Auf den Punkt gebracht: Treibt uns der Bedarf für Lithium, Kobalt oder seltene Erden in neue Abhängigkeiten?

von
Geschätzte Lesezeit: 3 - 6 Minuten
Abb. 1: Lithium Ionen Batterie System mit Hochvolt Verbindungskabeln für PKW Abb. 1: Lithium Ionen Batterie System mit Hochvolt Verbindungskabeln für PKW xiaoliangge - stock.adobe.com

Ab 2035 werden 96 % aller Neuzulassungen in Deutschland einen batterieelektrischen Antrieb haben, prognostiziert eine Boston Consulting-Studie (Abb. 1). Plug-in-Hybride werden als Brücken-Technologie daran zwischen 2021 und 2030 noch etwa 15 % Anteil haben, um dann vom Neufahrzeug-Markt zu verschwinden.
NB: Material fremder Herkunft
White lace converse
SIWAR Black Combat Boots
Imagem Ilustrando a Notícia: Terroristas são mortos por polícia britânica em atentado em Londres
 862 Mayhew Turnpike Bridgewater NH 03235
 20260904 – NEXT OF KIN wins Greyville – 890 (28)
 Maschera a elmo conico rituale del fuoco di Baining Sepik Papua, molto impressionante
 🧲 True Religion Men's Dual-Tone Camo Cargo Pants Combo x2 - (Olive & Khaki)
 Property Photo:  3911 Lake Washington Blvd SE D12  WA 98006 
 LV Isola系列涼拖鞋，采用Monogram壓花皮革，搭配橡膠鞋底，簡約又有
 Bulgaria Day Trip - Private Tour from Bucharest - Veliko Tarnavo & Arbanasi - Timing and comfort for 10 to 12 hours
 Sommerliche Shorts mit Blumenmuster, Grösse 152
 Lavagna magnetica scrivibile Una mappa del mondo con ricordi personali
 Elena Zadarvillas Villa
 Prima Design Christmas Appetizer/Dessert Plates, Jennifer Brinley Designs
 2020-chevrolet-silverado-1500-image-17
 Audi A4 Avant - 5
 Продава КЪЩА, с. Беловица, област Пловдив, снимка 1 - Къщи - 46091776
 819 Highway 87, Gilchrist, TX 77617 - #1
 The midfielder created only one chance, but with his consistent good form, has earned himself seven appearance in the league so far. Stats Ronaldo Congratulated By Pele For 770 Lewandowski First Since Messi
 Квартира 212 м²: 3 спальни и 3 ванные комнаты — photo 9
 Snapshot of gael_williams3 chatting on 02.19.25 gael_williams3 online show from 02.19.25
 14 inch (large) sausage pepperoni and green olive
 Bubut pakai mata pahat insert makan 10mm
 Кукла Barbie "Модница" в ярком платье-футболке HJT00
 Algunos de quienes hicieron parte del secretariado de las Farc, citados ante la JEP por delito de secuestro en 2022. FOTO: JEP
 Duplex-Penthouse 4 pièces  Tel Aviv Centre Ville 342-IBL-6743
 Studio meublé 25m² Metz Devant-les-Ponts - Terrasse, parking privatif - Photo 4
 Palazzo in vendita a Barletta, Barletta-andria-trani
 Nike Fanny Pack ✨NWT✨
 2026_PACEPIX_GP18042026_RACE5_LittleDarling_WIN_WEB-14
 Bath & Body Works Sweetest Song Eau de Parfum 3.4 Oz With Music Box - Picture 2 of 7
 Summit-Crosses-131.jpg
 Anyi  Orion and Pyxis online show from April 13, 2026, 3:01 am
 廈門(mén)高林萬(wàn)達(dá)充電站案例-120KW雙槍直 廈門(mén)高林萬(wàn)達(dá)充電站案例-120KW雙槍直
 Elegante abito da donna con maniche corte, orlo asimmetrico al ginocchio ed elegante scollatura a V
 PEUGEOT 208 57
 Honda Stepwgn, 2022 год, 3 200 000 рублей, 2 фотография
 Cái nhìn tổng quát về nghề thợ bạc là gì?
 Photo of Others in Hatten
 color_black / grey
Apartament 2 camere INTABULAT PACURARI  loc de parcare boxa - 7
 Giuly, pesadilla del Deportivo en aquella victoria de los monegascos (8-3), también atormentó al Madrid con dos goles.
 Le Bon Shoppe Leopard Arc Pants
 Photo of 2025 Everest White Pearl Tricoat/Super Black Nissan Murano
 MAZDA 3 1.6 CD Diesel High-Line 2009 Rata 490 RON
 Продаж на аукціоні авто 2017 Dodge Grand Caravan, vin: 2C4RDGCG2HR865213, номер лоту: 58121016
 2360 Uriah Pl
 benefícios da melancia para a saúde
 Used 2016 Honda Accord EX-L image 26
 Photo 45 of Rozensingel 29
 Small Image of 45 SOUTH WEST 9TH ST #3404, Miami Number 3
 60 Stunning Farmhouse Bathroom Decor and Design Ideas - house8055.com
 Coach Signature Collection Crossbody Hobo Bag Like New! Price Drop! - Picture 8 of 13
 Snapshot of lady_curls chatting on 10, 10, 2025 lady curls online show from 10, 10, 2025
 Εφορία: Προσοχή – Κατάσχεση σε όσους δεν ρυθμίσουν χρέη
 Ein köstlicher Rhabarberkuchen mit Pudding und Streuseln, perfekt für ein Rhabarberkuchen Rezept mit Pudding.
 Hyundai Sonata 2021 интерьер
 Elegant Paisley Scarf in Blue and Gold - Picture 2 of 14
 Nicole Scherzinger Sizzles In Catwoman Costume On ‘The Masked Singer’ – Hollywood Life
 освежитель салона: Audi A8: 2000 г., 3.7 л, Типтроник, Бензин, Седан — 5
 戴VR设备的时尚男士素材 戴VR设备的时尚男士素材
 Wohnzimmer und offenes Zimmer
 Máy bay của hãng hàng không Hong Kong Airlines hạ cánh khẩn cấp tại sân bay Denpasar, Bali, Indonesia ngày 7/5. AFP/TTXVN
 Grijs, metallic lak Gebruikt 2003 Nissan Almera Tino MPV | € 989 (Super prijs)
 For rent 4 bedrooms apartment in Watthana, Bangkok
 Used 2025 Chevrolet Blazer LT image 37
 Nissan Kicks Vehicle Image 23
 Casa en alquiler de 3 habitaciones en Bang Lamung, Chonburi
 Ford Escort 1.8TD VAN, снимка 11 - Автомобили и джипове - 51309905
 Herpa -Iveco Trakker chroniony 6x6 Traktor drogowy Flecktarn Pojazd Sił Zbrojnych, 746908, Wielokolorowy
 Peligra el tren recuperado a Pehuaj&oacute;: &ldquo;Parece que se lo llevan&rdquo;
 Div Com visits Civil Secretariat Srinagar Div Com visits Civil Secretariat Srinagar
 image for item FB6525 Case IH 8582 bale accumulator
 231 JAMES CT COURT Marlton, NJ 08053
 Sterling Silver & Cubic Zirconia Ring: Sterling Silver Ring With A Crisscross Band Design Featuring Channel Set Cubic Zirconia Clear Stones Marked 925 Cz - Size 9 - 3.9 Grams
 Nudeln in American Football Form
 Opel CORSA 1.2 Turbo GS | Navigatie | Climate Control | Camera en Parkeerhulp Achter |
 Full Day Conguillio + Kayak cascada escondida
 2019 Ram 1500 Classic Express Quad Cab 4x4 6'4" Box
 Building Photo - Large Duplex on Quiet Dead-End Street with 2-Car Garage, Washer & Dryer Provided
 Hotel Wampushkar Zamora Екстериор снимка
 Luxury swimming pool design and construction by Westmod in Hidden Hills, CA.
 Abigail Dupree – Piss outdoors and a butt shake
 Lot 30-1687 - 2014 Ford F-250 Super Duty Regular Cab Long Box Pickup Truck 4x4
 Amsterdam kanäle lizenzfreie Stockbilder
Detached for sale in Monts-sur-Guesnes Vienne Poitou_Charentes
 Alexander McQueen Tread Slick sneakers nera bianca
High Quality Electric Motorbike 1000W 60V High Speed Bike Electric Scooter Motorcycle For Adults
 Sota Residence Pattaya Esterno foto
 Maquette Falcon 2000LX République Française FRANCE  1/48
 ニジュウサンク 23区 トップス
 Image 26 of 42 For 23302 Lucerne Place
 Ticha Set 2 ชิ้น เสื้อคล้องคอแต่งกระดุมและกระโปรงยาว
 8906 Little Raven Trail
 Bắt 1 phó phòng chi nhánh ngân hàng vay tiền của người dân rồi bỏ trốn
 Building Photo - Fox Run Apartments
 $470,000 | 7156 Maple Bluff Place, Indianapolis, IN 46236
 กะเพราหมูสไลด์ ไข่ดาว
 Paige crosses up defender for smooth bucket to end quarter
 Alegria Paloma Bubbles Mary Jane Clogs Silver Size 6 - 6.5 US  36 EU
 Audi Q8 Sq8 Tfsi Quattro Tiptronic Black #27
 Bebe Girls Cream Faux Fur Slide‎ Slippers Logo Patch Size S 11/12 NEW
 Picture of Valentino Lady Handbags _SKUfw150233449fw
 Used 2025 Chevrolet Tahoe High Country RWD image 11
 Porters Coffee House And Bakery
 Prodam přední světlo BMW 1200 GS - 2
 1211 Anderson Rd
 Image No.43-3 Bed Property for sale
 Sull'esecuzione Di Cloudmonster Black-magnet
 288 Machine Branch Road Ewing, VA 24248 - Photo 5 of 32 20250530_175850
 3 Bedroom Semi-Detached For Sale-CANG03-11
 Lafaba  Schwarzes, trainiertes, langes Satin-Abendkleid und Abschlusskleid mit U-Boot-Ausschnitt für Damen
Das deckt sich mit den Plänen auch der EU, die Mitte Juni diesen Jahres ein ,Aus' für Verbrenner ab 2035 beschlossen hat.

Aber das Gefühl beschleicht uns, dass alles ein wenig nach den Kindern von Bullerbü oder dem sprichwörtlichen Ponyhof aussieht: Alles nur ein bunter Traum naiver Politiker, die nicht verstehen wollen, dass die Geopolitik und damit die globale Rohstoffversorgung nicht nach ihren Wünschen läuft, sondern anderen Gesetzen folgt?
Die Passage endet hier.